The repetition of the word ‘stability’ while speaking of the region, probably means that presently the TAR is not too ‘stable’.

How to stabilize Tibet?
By bringing millions of tourists who will bring good revenue to the local population.
How to stabilize the borders?
By bringing millions of tourists to the borders and develop the border villages

Another site en.tibetol.cn mentions the ‘New highway to link Chamdo with Tibet’s highest-altitude airport.’
It says that the construction of the Chamdo-Bamda Airport section of the National Highway 214, linking Tibet’s highest-altitude airport at an elevation of 4,334 meters to Chamdo city has started. It will greatly help to develop tourism in Eastern Tibet.
The article asserts that the distance of 120 kilometers can be presently covered in two hours; once the new highway is completed, it will take just one hour: “The highway will also facilitate communication between east Tibet and the outside.”
Some technical details are given: “The first phase is to be completed within 24 months. 21 mega bridges, 11 medium bridges, 2 tunnels and 11 cross-river bridges will be built along the 26.9 kilometers highway with a design speed of 80km/h.

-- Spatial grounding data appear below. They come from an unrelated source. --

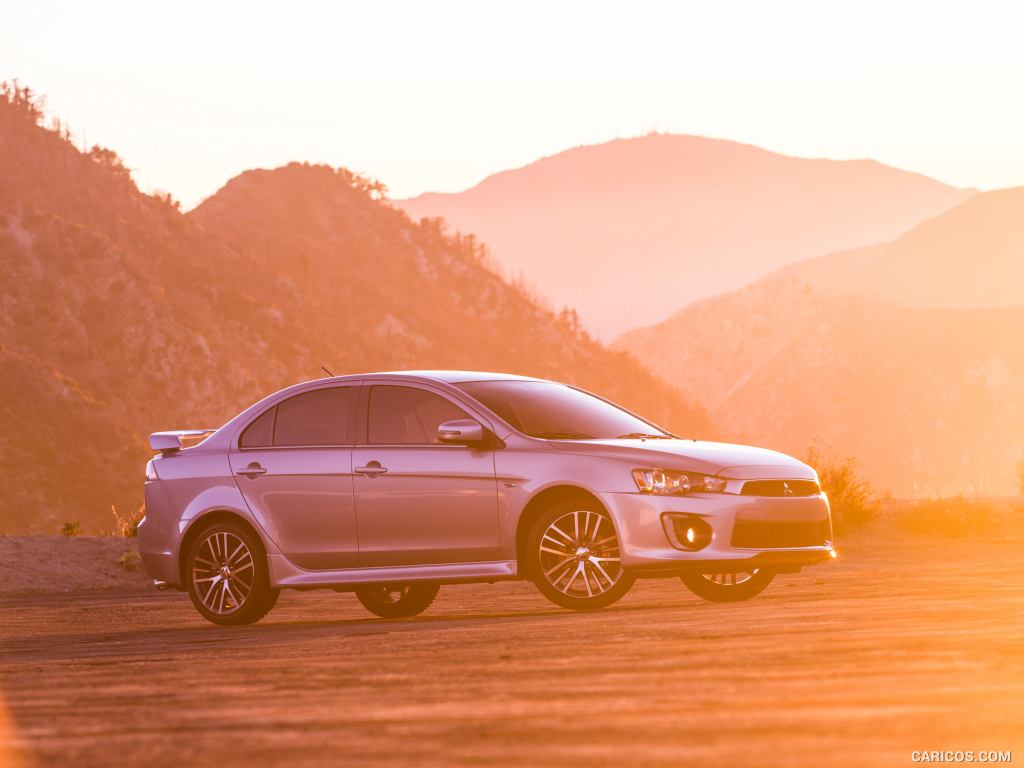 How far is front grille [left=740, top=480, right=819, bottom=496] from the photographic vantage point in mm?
12820

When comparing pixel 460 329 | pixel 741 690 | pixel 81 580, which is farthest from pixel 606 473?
pixel 460 329

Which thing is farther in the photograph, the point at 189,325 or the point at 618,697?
the point at 189,325

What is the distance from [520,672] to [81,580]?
13.9 metres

Tibet has already opened seven high-level roads including the Lhasa-Nyingchi road, with a total length of 660 kilometers.”
Another site, China Tibet Online notes that  ‘Tibet on fast track to facilitate travelers’.
According to Wang Songping, head of the Tourism Development Committee of Tibet: “The increasingly improved transportation infrastructure has allowed travelers to spend less time on road as they tour in Tibet.
Wang said that highways, railways and airports have improved continuously to facilitate travelers’ trips and meet their need to move fast on their way to scenic spots.
With most part of the Lhasa-Nyingchi Highway opened to traffic, “it will be more convenient for travelers to pay a visit to Nyingchi,” noted Wang.
All this infrastructure being built for ‘dual use’ (civil and military), means that ultimately, it will bring more pressure on the Indian border.

Extended tourist season
The season has been extended and winter is promoted as the best season to visit the Roof of the World.
Photos appeared on one website showing the scenery in Lhasa: “the Potala Palace is extremely beautiful after the strongest snowfall since last year’s winter arrives in Lhasa, capital city of southwest China’s Tibet.”
Note the Land of Snows, is always called ‘China’s Tibet’.
Would we write in India, ‘India’s Tamil Nadu or India’s Arunachal’?
No.
Does it mean that China is not sure if Tibet is China’s?
Beijing seems to have a serious problem here.
Other pictures show a Park in Lhasa, capital of China’s Tibet, “after the strongest snowfall since last year’s winter arrives in the evening of March 17, 2018;” another illustration pictures a child is playing in the snow.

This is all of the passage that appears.